_EXERCISE INSTRUCTIONS_:
Could you transcribe exactly the lines below, from the line with "Cartera de mano efecto piel serpiente" through the line with "Used 2017 Toyota", and nothing else, leaving out the pictures?
****
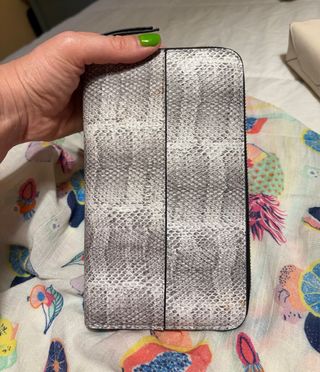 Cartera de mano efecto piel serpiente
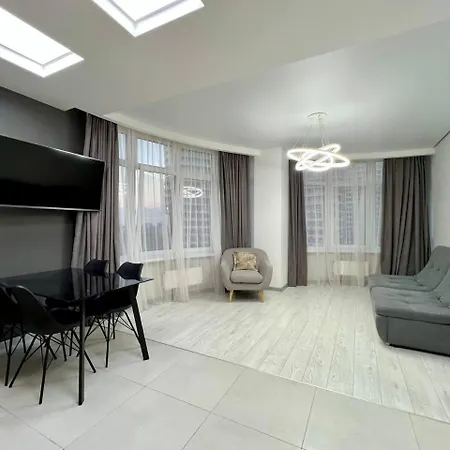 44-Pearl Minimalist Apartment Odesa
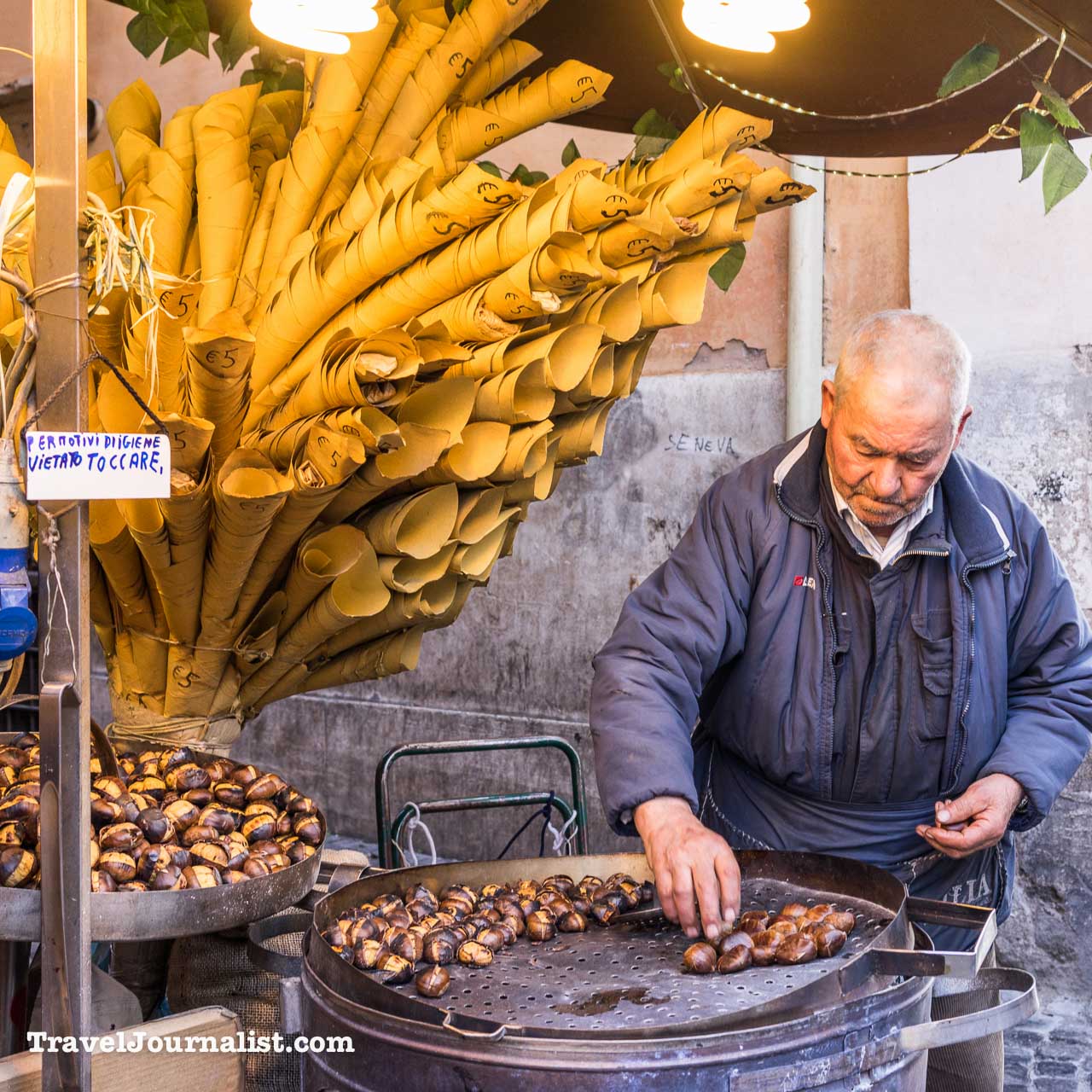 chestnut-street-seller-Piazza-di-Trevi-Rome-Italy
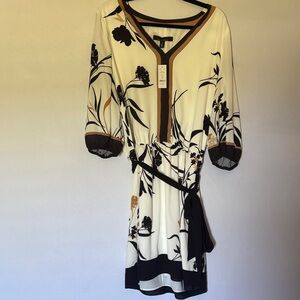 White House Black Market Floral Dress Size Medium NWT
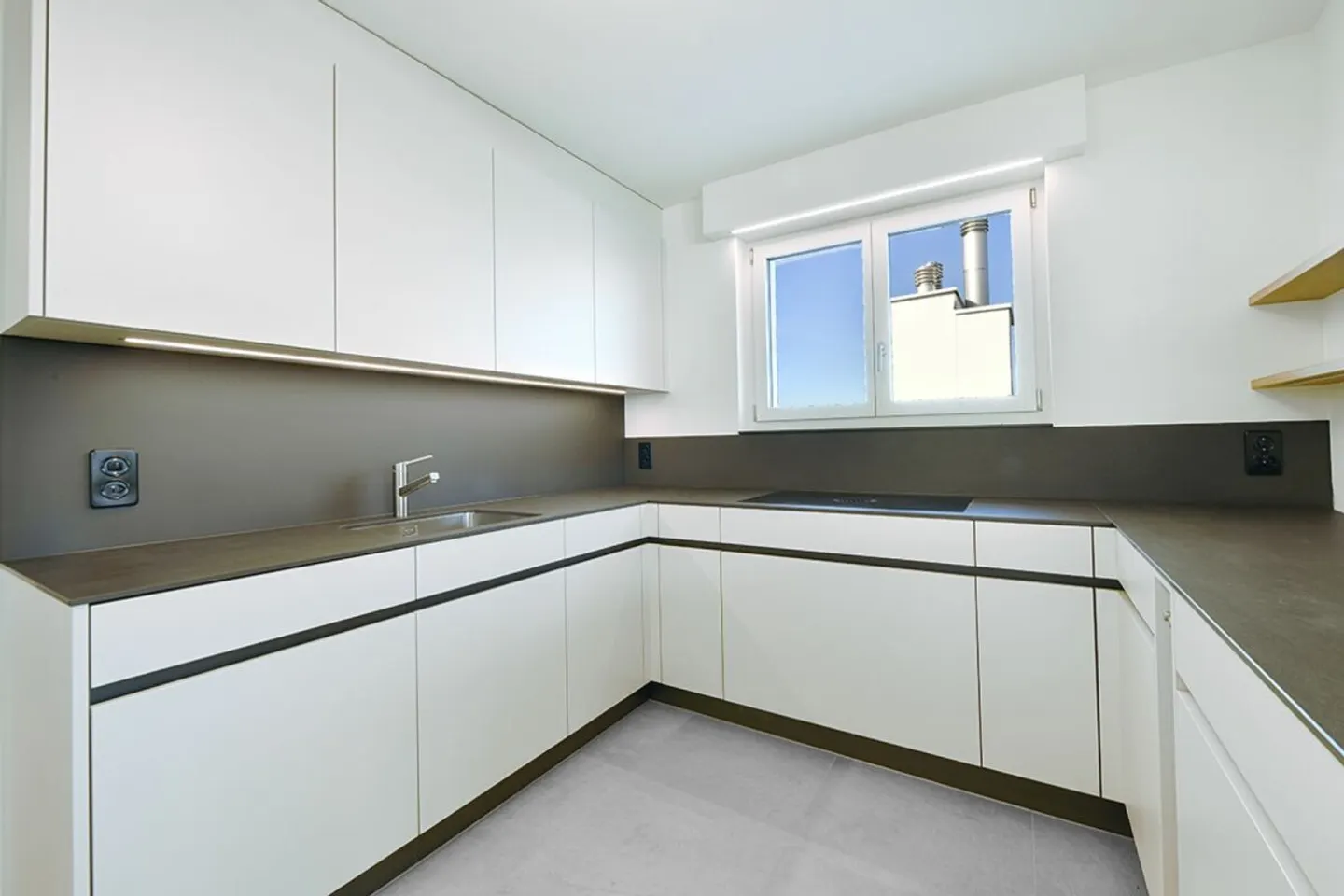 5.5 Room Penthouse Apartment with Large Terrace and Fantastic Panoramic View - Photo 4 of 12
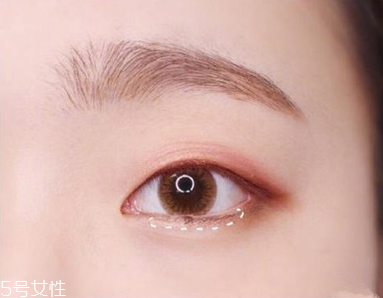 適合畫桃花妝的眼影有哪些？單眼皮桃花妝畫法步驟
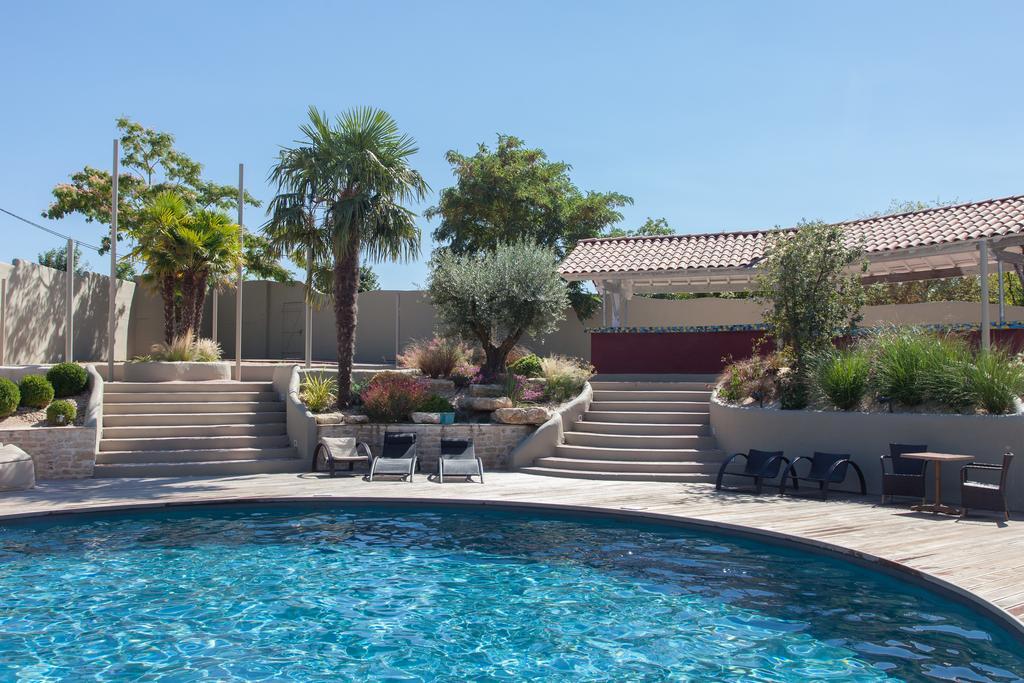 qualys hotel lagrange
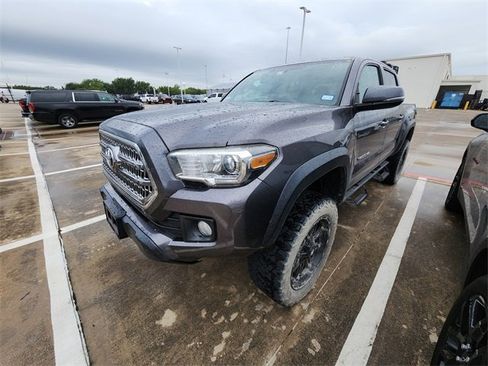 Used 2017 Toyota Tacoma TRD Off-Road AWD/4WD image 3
****
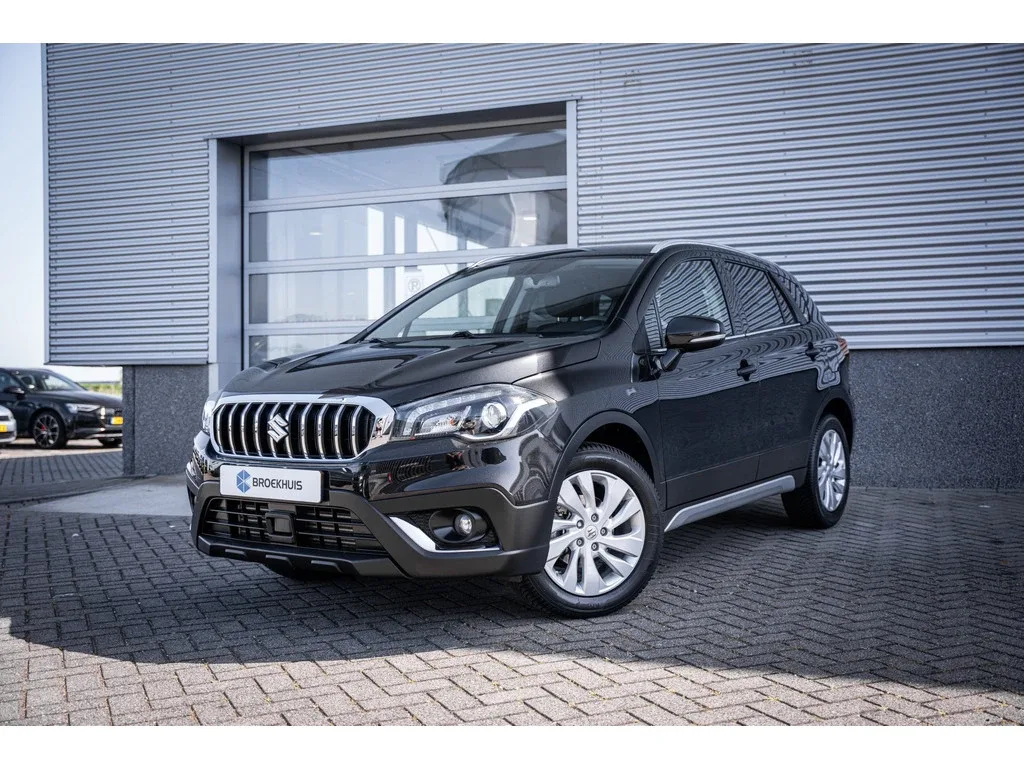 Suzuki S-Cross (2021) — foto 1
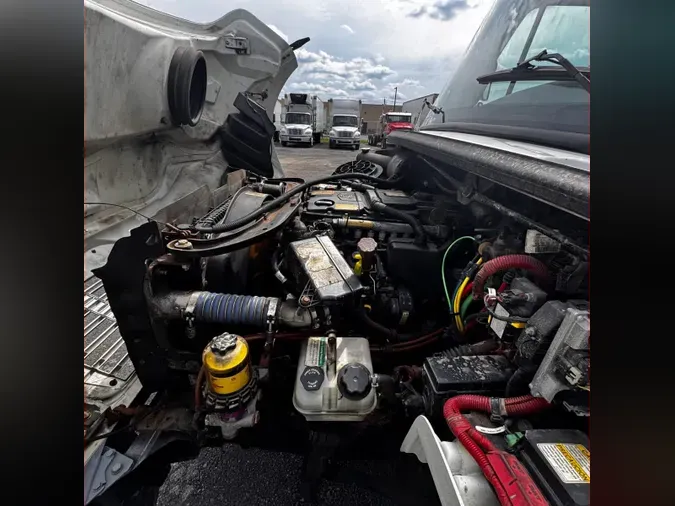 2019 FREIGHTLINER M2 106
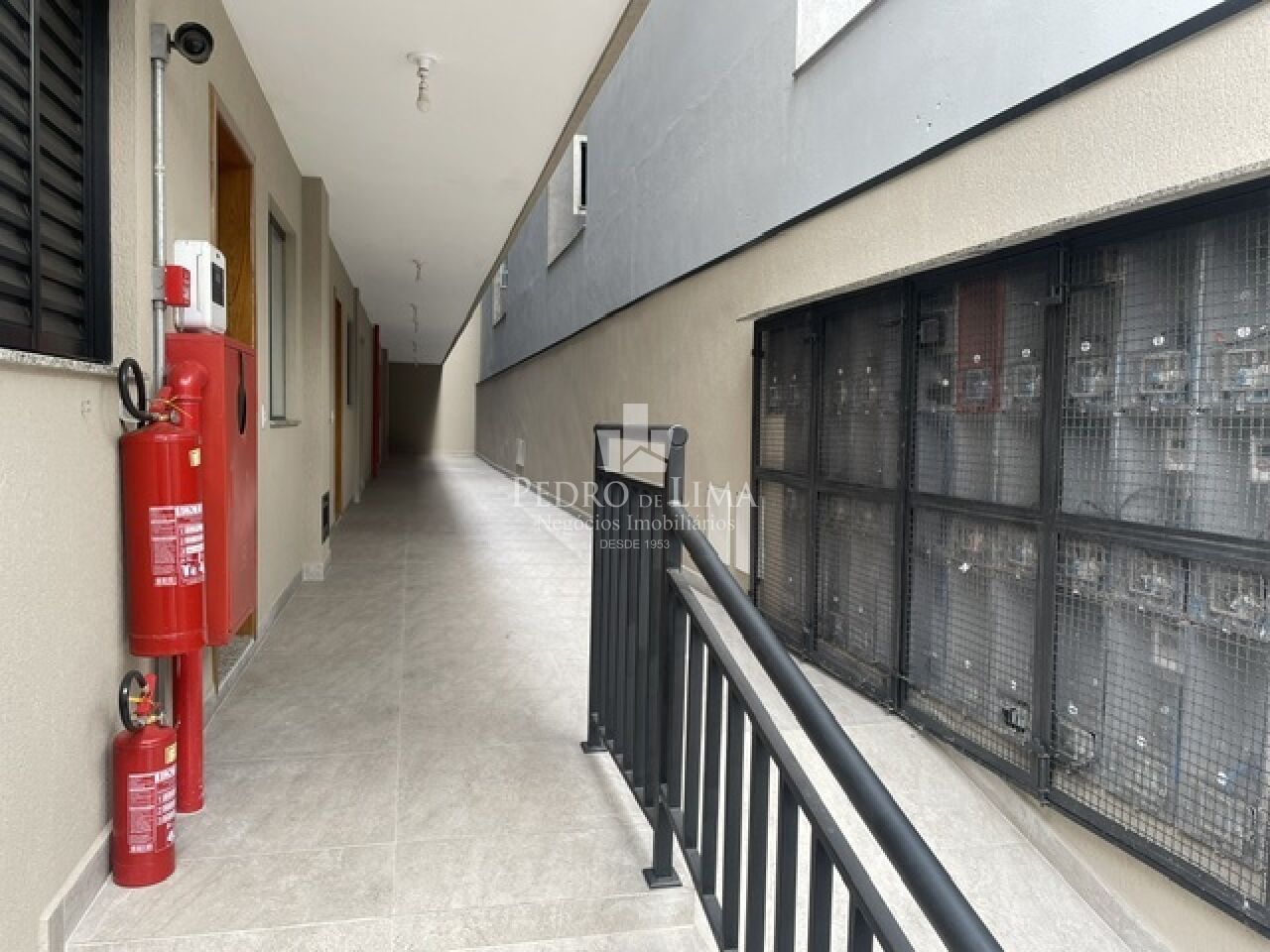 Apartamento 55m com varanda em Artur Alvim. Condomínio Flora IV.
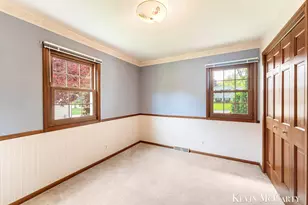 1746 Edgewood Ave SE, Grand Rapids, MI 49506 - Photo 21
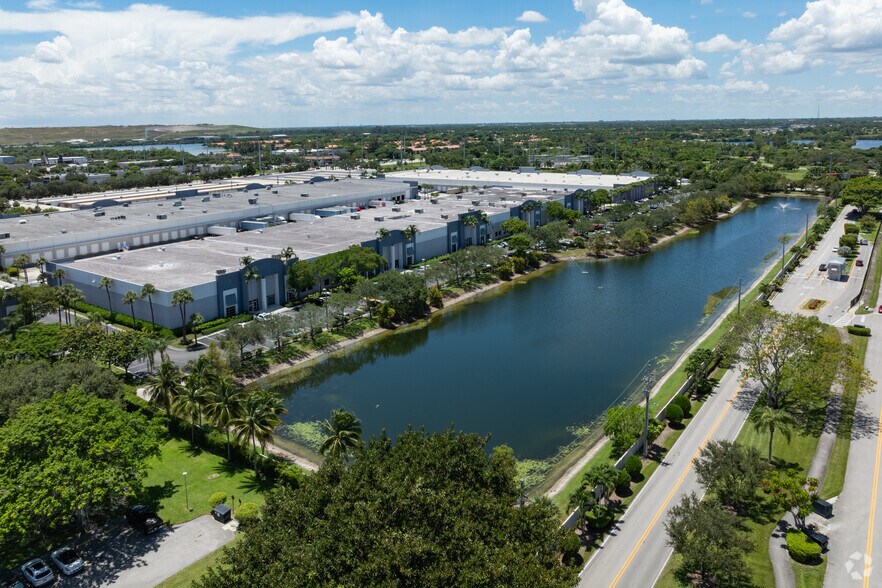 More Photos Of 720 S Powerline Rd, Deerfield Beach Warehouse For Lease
****
_ANSWER TO THIS PROBLEM_:
 Cartera de mano efecto piel serpiente
 44-Pearl Minimalist Apartment Odesa
 chestnut-street-seller-Piazza-di-Trevi-Rome-Italy
 White House Black Market Floral Dress Size Medium NWT
 5.5 Room Penthouse Apartment with Large Terrace and Fantastic Panoramic View - Photo 4 of 12
 適合畫桃花妝的眼影有哪些？單眼皮桃花妝畫法步驟
 qualys hotel lagrange
 Used 2017 Toyota Tacoma TRD Off-Road AWD/4WD image 3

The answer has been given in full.